[The data]
----------

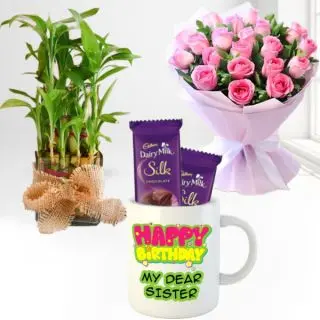 bunch of 15 pink roses, 2 layer lucky bamboo plant , photo mug with 2 dairy milk silk 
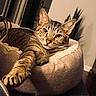 Jack joined the competition — help win amazing prizes! cat, tabby, pet_bed, stretching, paw, indoor, cozy, relaxed, feline, animal, cute, fur, whiskers, plant, cushion, home, domestic, portrait, resting, looking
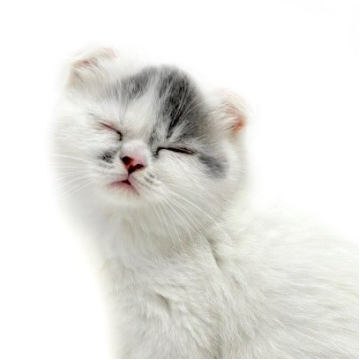animal_image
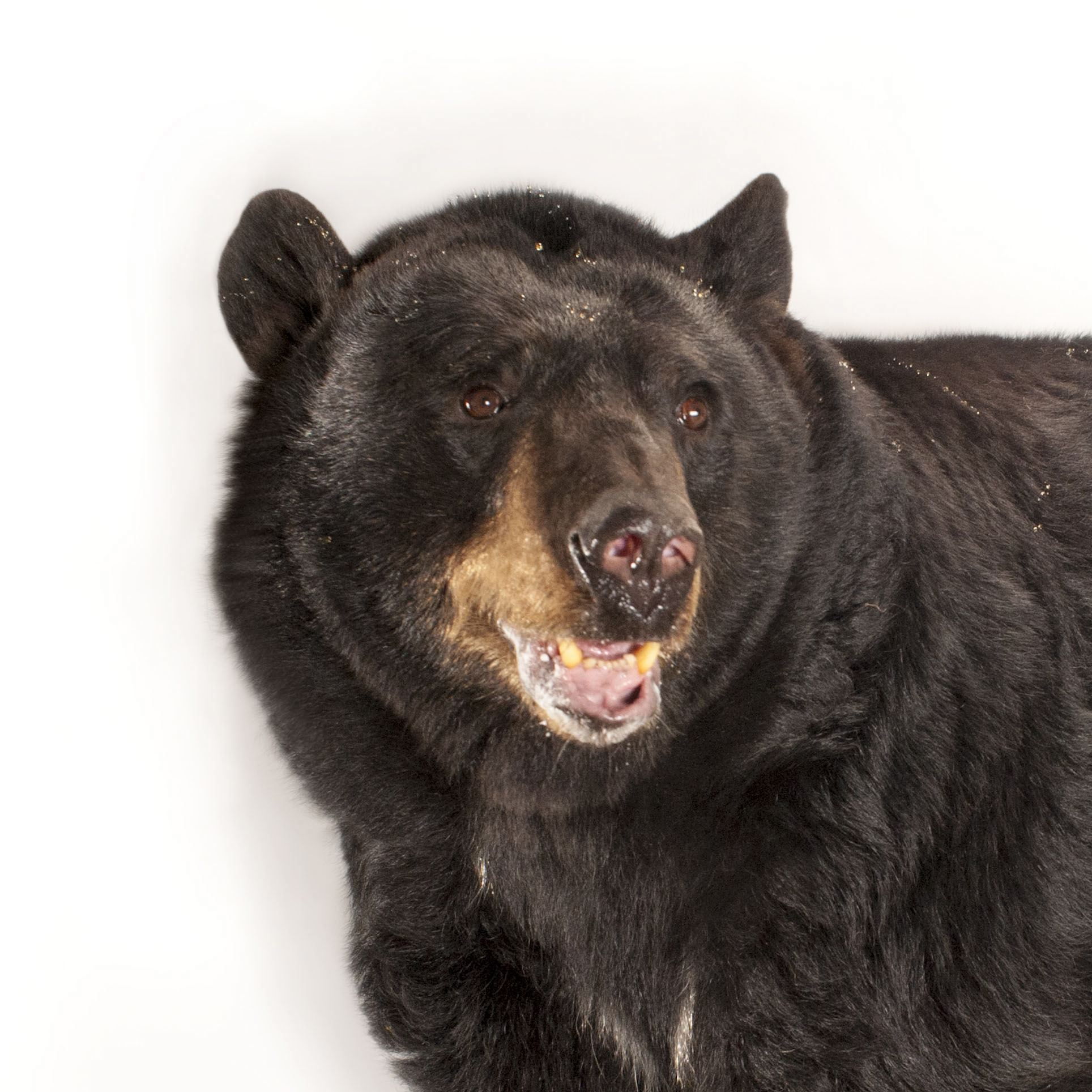 American Black Bear | National Geographic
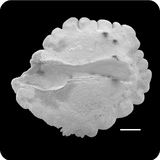 中文種名:斑鰭馬頭魚學名:Branchiostegus auratus俗名:斑鰭馬頭魚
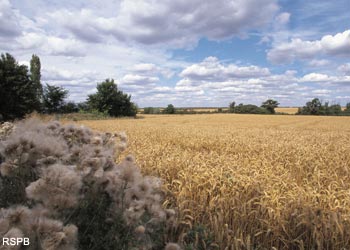 Cultures céréalières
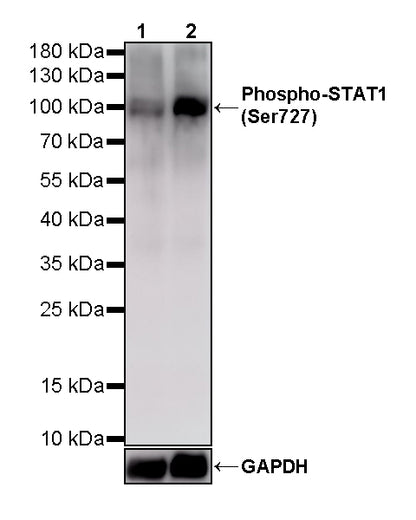 Phospho-STAT1 (Ser727) Recombinant Rabbit mAb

----------

[Problem to work on] After dropping the pictures, please set down the lines from the beginning of the listing through the line containing "Jack joined the", both included, exactly as they stand.

[Task answer]
 bunch of 15 pink roses, 2 layer lucky bamboo plant , photo mug with 2 dairy milk silk 
 Jack joined the competition — help win amazing prizes! cat, tabby, pet_bed, stretching, paw, indoor, cozy, relaxed, feline, animal, cute, fur, whiskers, plant, cushion, home, domestic, portrait, resting, looking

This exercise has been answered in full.